SEC pushes again for Telegram data regarding investor funds
The regulator renews its motion to compel Telegram and TON Issuer to produce certain bank records.
Several days after the New York Southern District Court denied a motion by the Securities and Exchange Commission (SEC) to compel the production of full bank records by Telegram and TON Issuer, the regulator has renewed its attempts to obtain the data.
As per documents filed with the Court on January 10, 2020, and seen by FinanceFeeds, the SEC is renewing its motion to compel the defendants to produce certain bank records. On January 6, 2020, the Court denied without prejudice the SEC’s first such motion but ordered Telegram and TON Issuer to file a declaration setting forth a proposed schedule for a review of the requested records to ensure that production of such records complies with foreign data privacy laws, The defendants have since filed an affidavit, which the SEC says is vague as it makes it impossible for the SEC or the Court to weigh the true nature of the supposed burden of complying with foreign data privacy laws.
Telegram first asserts, generally, “that there are foreign persons identified in the [requested banking records]” and that producing them in this action “may implicate applicable foreign data privacy laws.” The defendants then complain that the analysis would include “determining the jurisdiction of each of the approximately 770 entities or individuals identified in the Records, and the nature of the relationship with each, to assess the extent to which foreign data privacy laws may be implicated.”. The defendants next state that fourteen jurisdictions are implicated for the 76 out of 770 entities or individuals whose jurisdiction they have already identified, that they have “already . . . performed” the data privacy analysis with respect to twelve of those jurisdictions, and that they have not done that work for the other two. The defendants further conclude that they “may need to engage local counsel to conduct legal analysis of related data privacy issues” with respect to these jurisdictions.
According to the SEC, Telegram has not provided sufficient information for the Court to determine whether a review for compliance with foreign data privacy laws is necessary. The regulator says that Telegram has failed to provide information regarding the current location of the records, the original location of the records, and the original, intervening, and current custodian(s) of those records, all of which is necessary to the conflict-of-law analysis.

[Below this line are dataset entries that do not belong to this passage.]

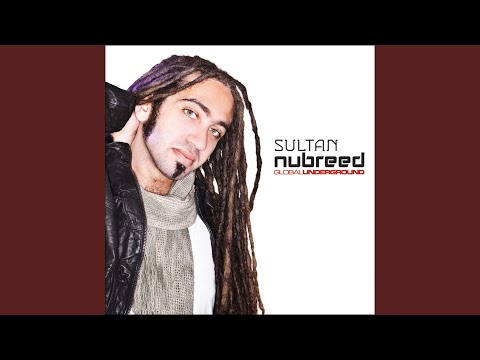 Break My World (Sultan Nubreed Edit)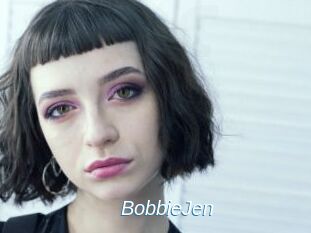 BobbieJen
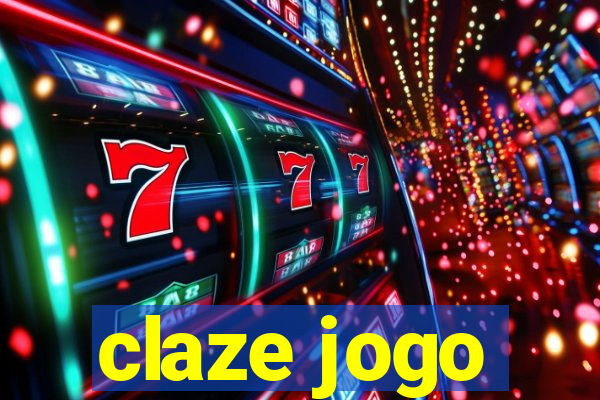 claze jogo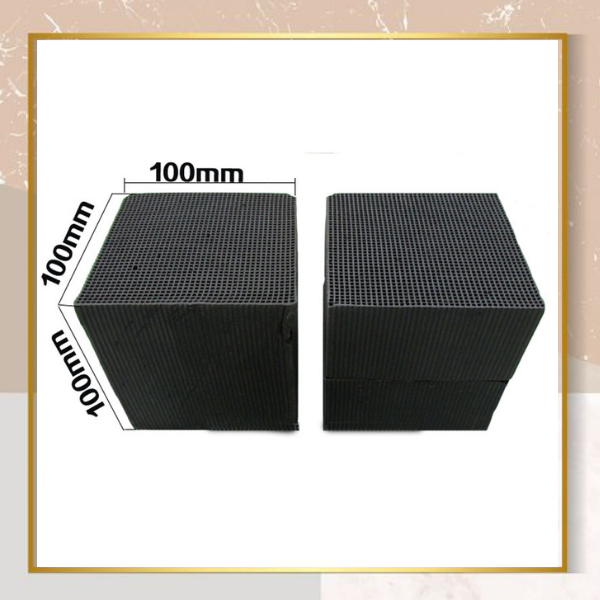 BarnMania™ Water Purifier Cube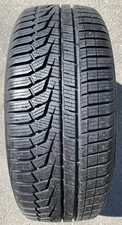 1 winter tires 205/55 R16 91 H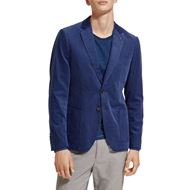 Снимка на SCOTCH&SODA MEN'S REGULAR FIT UNCONSTRUCTED CORDUROY BLAZER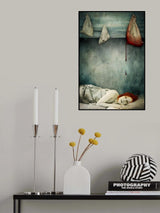 Poster och Canvastavla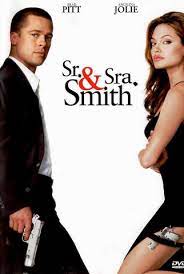 Sr. & Sra. Smith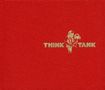 Blur: Think Tank, CD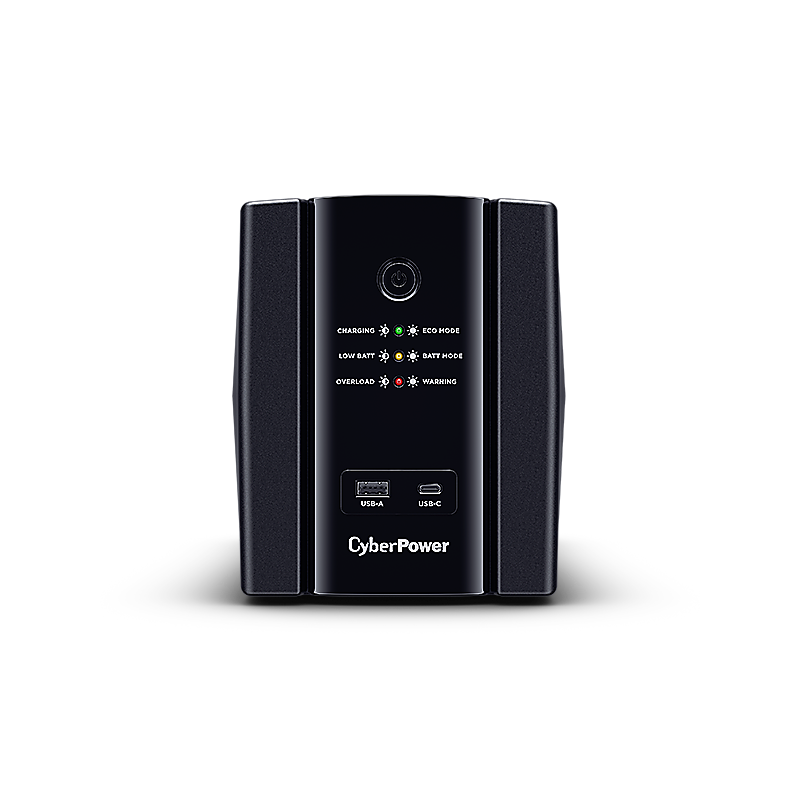 Cyberpower UPS, Line interactive, 2200 VA, 1320 W, 4x Schuko, LED indicator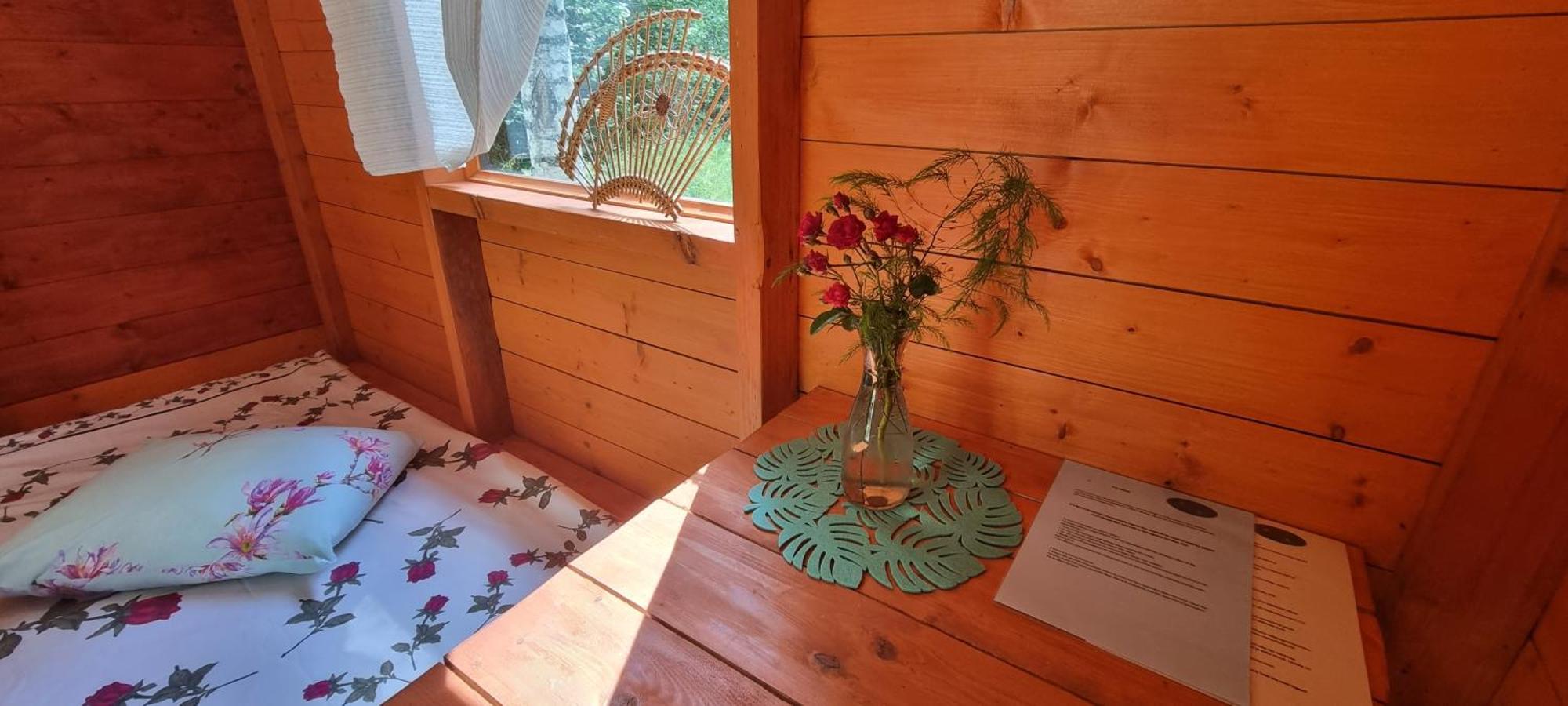 Atsikivi Puhketalu Hotel Häädemeeste Bagian luar foto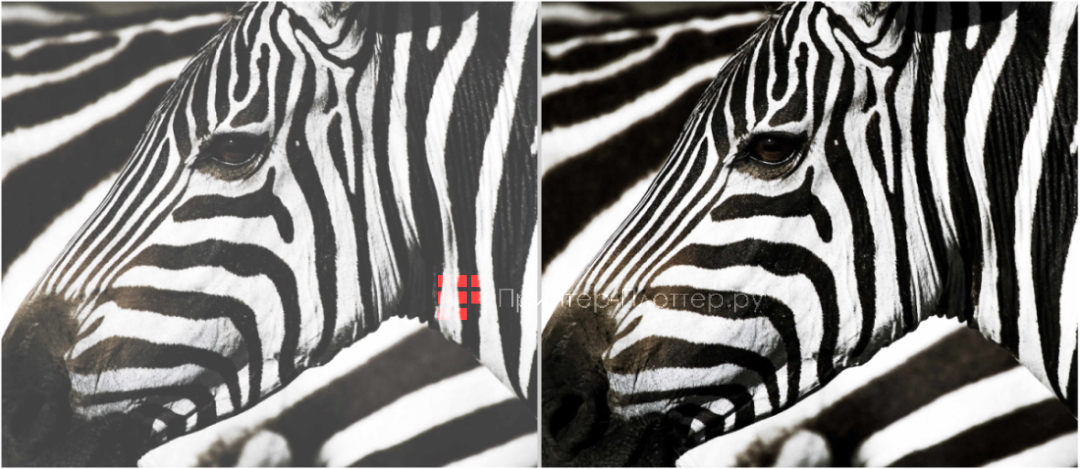 Optoma ZU606Te. Высокая контрастность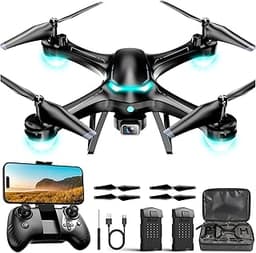 High-Flying Value: Selecting the Best Bang for Your Buck Drone as a Meaningful Gift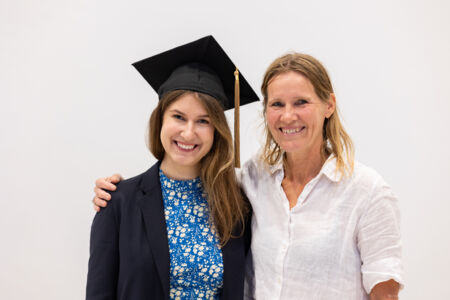 Graduation Master Epidemiology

The SEC stresses that Telegram does not even mention the names of the foreign countries whose laws might apply, nor does it cite any specific data privacy laws.
“Telegram’s vague submission reveals Telegram’s broad, amorphous invocation of “data privacy” for what it is – a smokescreen aimed at improperly withholding relevant, responsive documents from the SEC”, the regulator says.

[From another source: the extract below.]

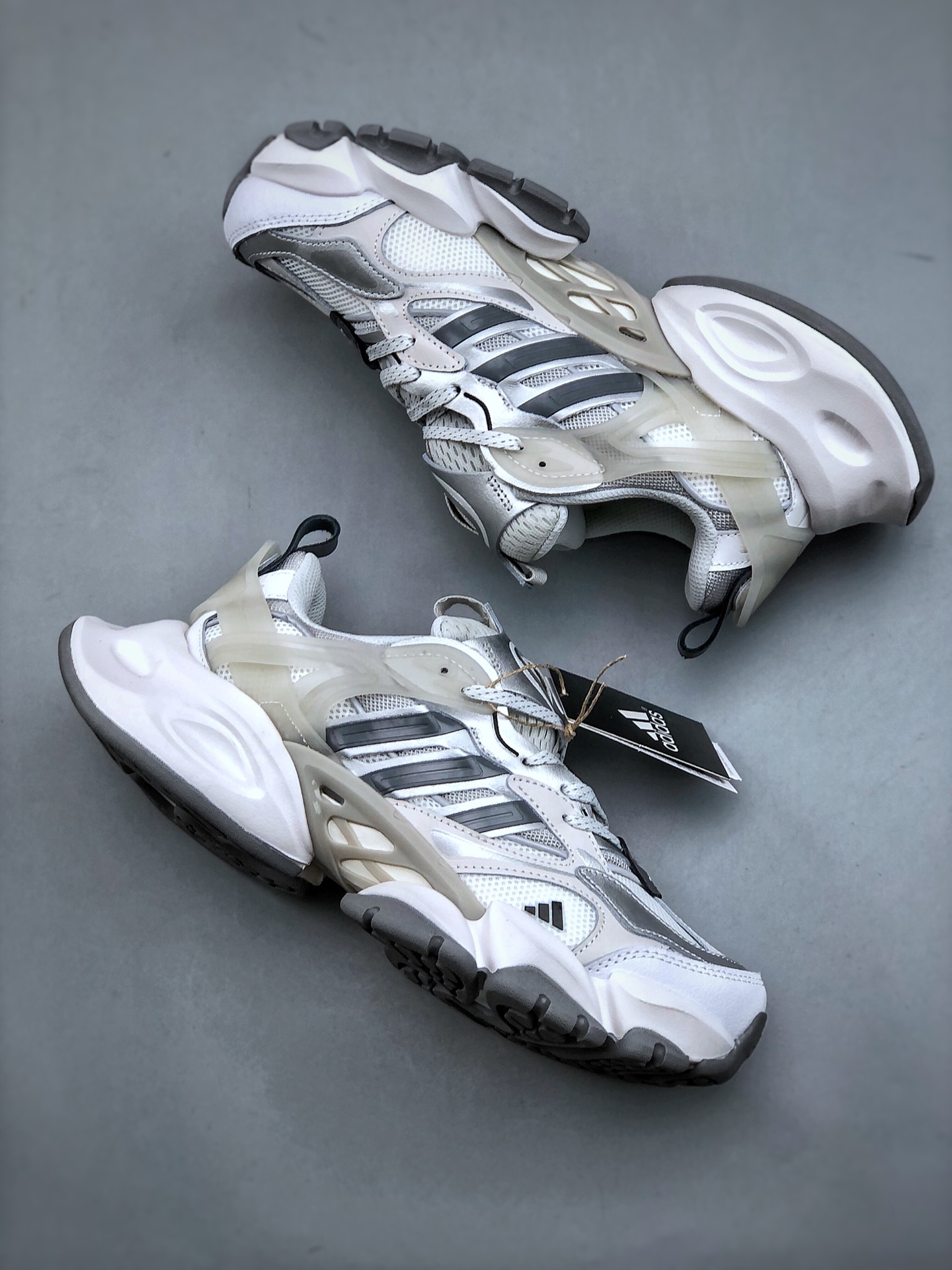 Adidas Basic Shoes L-s-xl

In its original motion, the SEC noted that the defendants claim to have raised approximately $1.7 billion from investors through the sale of digital tokens called Grams between approximately January through March 2018 in what the SEC has charged to be an unregistered offering of securities. The SEC argued that the defendants – Telegram and TON Issuer refused to disclose the bank records concerning how they have spent the $1.7 billion they raised from investors in the past two years and to answer questions about the disposition of investor funds.

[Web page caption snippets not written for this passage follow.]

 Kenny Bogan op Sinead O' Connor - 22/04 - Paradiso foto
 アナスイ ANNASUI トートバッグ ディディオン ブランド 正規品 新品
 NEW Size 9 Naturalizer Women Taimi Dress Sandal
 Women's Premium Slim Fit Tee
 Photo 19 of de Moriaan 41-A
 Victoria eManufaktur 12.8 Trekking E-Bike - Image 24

According to the SEC, the requested bank records are highly relevant to the issues in dispute in the case, including how much money Telegram has spent, and in what manner, in developing the TON Blockchain, the Telegram Messenger application to be integrated with the TON Blockchain, and related applications. Also, the evidence is seen as relevant to the efforts Telegram has made to ensure the viability and profitability of the Grams it sold.
Further, according to the SEC, Telegram’s bank records are relevant to whether Telegram paid commissions to purchasers who were buying Grams to resell to other investors, which could render them statutory underwriters.